That "good use" turned out to be a triple batch of roasted tomato basil soup. We certainly enjoyed it, and I hope that you will, too.
Before I proceed to the recipe and instructions, here are a few background comments about tomatoes and basil –
Tomatoes actually had their origin in the Western Hemisphere and were cultivated by people living in Mexico by around 500 BC. The Spanish conquistadors brought the tomato to Europe in the 1500s and also distributed it among their colonies in the Caribbean and even the Philippines. In the mid-1500s, tomatoes were cultivated primarily as ornamental plants in Italy, however, by the end of the 1600s, published recipes using tomatoes began to appear.
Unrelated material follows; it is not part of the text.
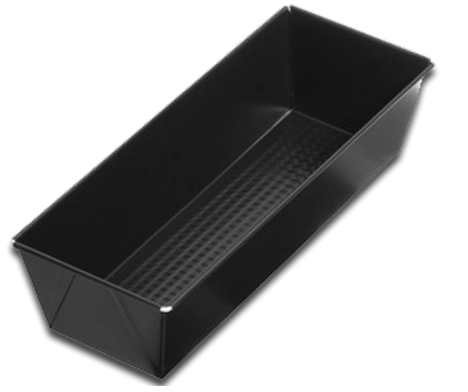 Formă de copt din oțel carbon cu strat antiaderent 35 × 11 × 7,5 cm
By 1710, tomatoes were being grown in present-day South Carolina. Whether they arrived via Great Britain or the Caribbean is unclear.
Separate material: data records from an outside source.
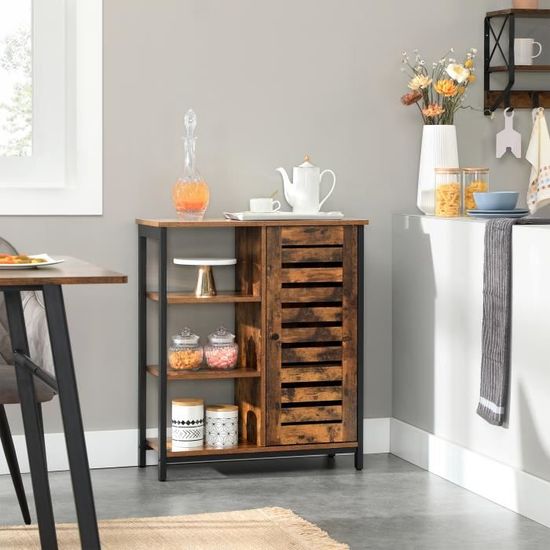 Chambre Armoire De Rangement Pour Salon 3 Niveaux Couloir Vintage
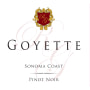 Robert Goyette Pinot Noir 2011 Front Label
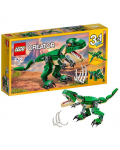 Κατασκευαστής Lego Creator 3 σε 1 - Οι Πανίσχυροι Δεινόσαυροι (31058)  - 2t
So are tomatoes fruits or a vegetables? Although, botanically speaking, tomatoes are a fruit, that question became significant for financial reasons in 1887. At that time, US tariff laws placed a duty on fruits but not vegetables. To address that issue, the US Supreme Court declared the tomato a vegetable based on its use in 1893.
Basil seems to have a little less controversy regarding its classification. It is believed to be native to India and has been cultivated there for about 5,000 years. Basil grows best in warm, dry climates and is very sensitive to cold. This probably explains its widespread use in Italian and Southeast Asian. Here in the Intermountain West, I generally wait until late May to plant mine. Although sweet basil is the most commonly grown type of basil, over 160 varieties are available. The term basil is derived from the Greek word basileus, meaning king, and many regard it as the king of herbs.
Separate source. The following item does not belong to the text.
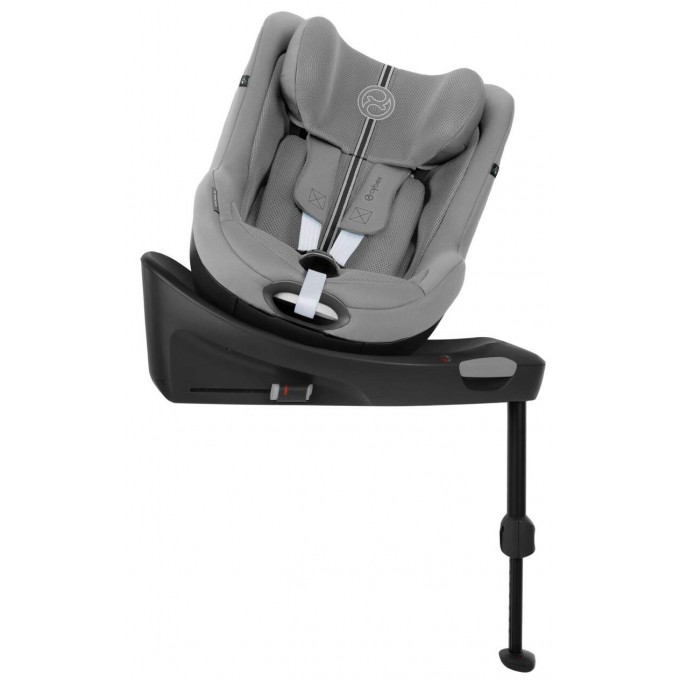 Автокрісло Cybex Sirona Gi i-Size Plus Stone Grey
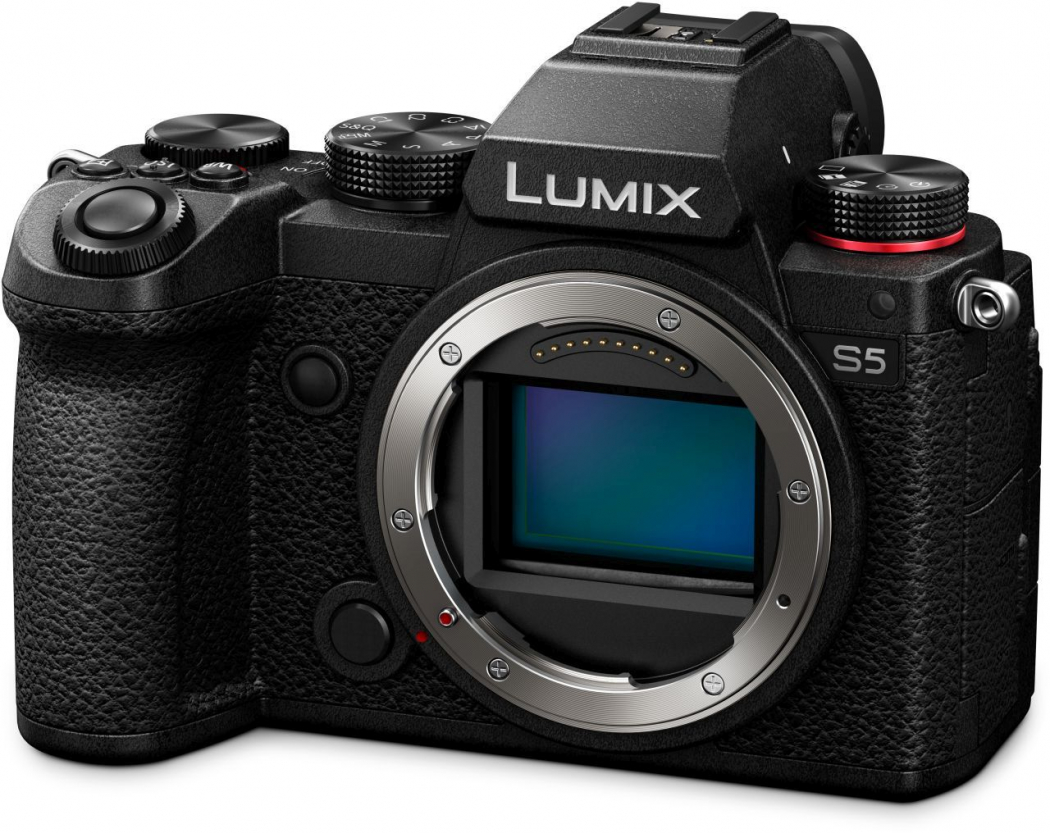 Panasonic Lumix DC-S5 + Sigma 28-70mm f2.8 Special Edition - Foto Erhardt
Now, let's put this soup together. This recipe will yield about 8 servings.
3 pounds of fresh tomatoes cut into halves or quarters
1/4 cup plus 2 tablespoons olive oil
1 tablespoon kosher salt
1 1/2 teaspoons ground black pepper
6 minced garlic cloves - feel free to use less if you wish
1 medium sweet onion, chopped
2 tablespoons butter
1/4 teaspoon red pepper flakes
1 28-ounce can of diced tomatoes or 1 quart of home canned tomatoes with the juice (Note: if you have additional fresh tomatoes that you want to dice up and substitute for canned ones, I anticipate that would be just fine)
1 to 1 1/2 cups fresh basil leaves (depending on your preferences, you can use more or less)
1 teaspoon fresh thyme leaves
1 quart chicken stock or water (I use chicken stock)
1. Combine the fresh tomatoes, 1/4 cup olive oil, salt, pepper, and garlic together such that the tomatoes are coated with the oil. Spread the mixture out onto a baking sheet and roast at 400ºF for 45 minutes. What to do about the tomato skins: I kept the skins on for about 2/3 of the tomatoes and peeled the other 1/3. I chose to peel the ones with cracks or rougher areas on them. As you boil the ingredients together and then use the immersion blender, the skins really don't become an issue at all. Here is one of my pans ready to go into the oven.
Here they are after having been roasted. I really liked tossing the minced garlic in to be roasted along with the tomatoes.
2. Saute the chopped onion in 2 tbsp olive oil, the butter and red pepper flakes until the onion becomes translucent.
3. Stir in the canned tomatoes, basil, thyme, chicken stock, and the roasted tomatoes (including the juice). Don't worry about cutting up the basil leaves, you will be blending them later. Bring to a boil and simmer for about 40 minutes. Here is my soup simmering on the stove. Remember that I made a triple recipe - hence the large, nearly full cooking pot.
4. Allow the soup to cool and blend with an immersion blender to desired consistency. I blended ours to be fairly smooth with a few tomato pieces remaining.
5. Enjoy with a grilled cheese sandwich or some good warm toasted bread.